◆ What this task involves
Only the lines below from the one containing "in the Caribbean." through the one containing "Large primary bedroom" belong in the answer, repeated exactly and without pictures.

◆ Data shown
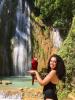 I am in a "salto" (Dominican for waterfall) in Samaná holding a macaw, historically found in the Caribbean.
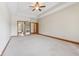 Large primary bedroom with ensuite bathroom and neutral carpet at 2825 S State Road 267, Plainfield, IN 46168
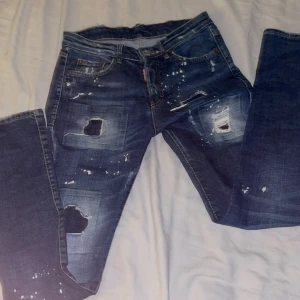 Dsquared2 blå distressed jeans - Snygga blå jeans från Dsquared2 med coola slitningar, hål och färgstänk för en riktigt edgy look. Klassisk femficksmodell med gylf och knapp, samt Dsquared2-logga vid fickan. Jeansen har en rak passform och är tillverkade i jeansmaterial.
---
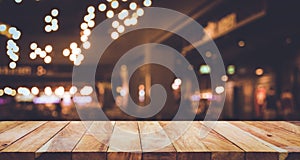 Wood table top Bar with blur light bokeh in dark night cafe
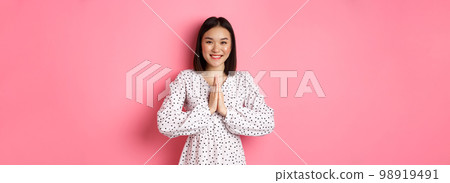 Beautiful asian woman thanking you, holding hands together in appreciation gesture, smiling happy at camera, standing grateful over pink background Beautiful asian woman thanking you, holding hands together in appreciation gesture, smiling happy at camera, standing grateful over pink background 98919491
* * *
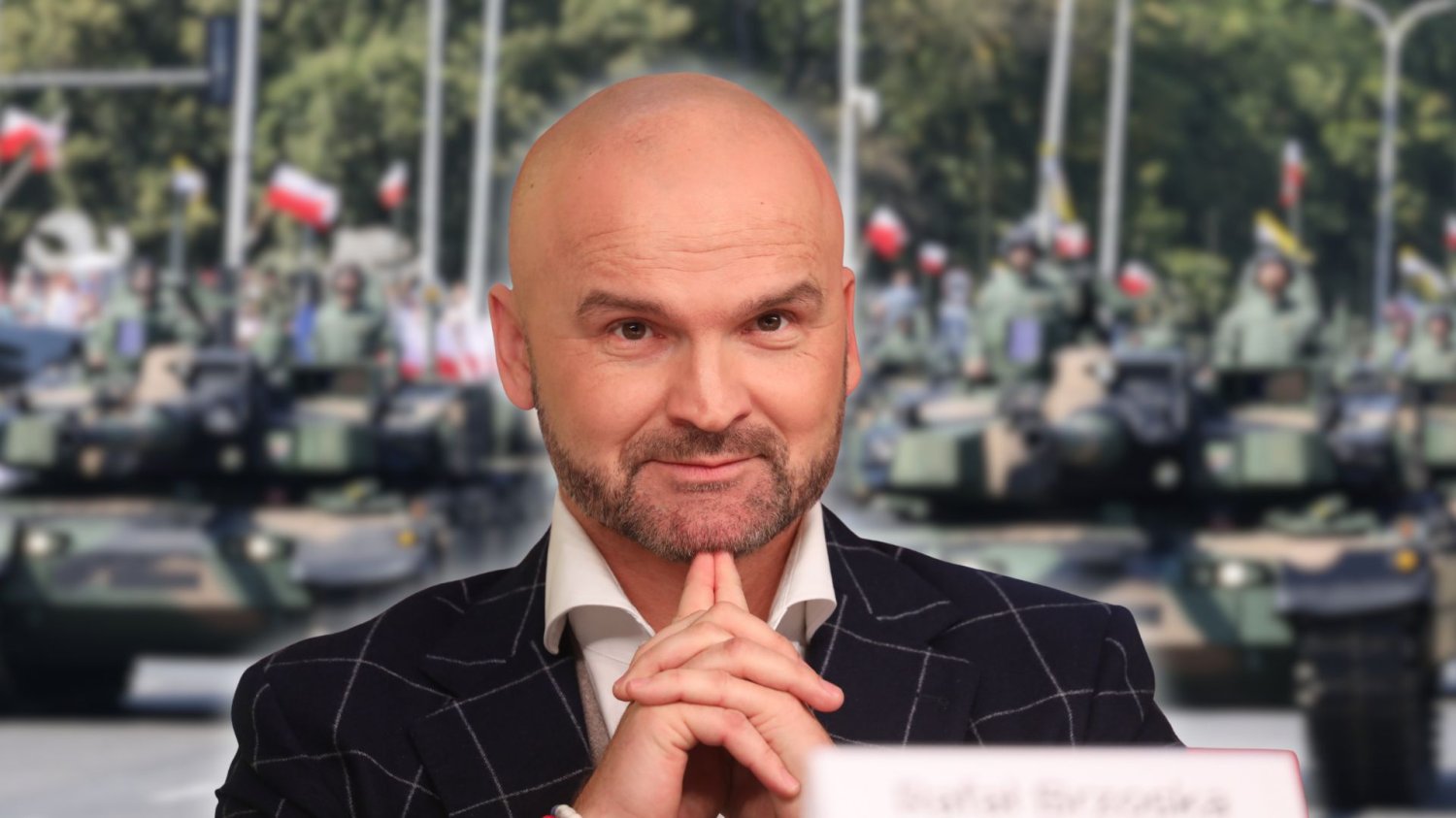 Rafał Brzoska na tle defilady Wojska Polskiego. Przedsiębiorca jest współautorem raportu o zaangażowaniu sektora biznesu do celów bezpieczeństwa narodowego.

◆ Exercise result
 I am in a "salto" (Dominican for waterfall) in Samaná holding a macaw, historically found in the Caribbean.
 Large primary bedroom with ensuite bathroom and neutral carpet at 2825 S State Road 267, Plainfield, IN 46168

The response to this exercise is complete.